Activity.
Nothing but the lines from the start of the records below through the line that has "MIRANDA PRIESTLY GGL" should appear, each exactly as given.

Information supplied.
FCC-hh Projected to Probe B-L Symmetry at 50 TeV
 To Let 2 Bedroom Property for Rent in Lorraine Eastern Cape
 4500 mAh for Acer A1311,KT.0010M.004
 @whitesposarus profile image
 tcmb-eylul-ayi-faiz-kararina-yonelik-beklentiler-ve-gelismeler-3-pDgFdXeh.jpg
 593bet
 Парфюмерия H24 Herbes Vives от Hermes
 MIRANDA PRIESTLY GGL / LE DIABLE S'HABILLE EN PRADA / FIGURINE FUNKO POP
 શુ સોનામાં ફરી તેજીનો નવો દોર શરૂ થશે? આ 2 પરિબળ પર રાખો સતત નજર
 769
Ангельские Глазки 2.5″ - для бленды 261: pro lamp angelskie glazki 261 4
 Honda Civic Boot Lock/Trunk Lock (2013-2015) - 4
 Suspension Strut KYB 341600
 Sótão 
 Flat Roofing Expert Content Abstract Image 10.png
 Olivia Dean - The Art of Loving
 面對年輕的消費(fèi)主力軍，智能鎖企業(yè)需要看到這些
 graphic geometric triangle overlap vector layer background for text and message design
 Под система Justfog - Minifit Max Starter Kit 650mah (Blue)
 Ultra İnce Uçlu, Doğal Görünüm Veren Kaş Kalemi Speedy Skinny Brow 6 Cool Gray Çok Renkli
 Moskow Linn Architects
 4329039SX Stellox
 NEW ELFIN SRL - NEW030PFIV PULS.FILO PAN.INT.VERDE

Solution.
FCC-hh Projected to Probe B-L Symmetry at 50 TeV
 To Let 2 Bedroom Property for Rent in Lorraine Eastern Cape
 4500 mAh for Acer A1311,KT.0010M.004
 @whitesposarus profile image
 tcmb-eylul-ayi-faiz-kararina-yonelik-beklentiler-ve-gelismeler-3-pDgFdXeh.jpg
 593bet
 Парфюмерия H24 Herbes Vives от Hermes
 MIRANDA PRIESTLY GGL / LE DIABLE S'HABILLE EN PRADA / FIGURINE FUNKO POP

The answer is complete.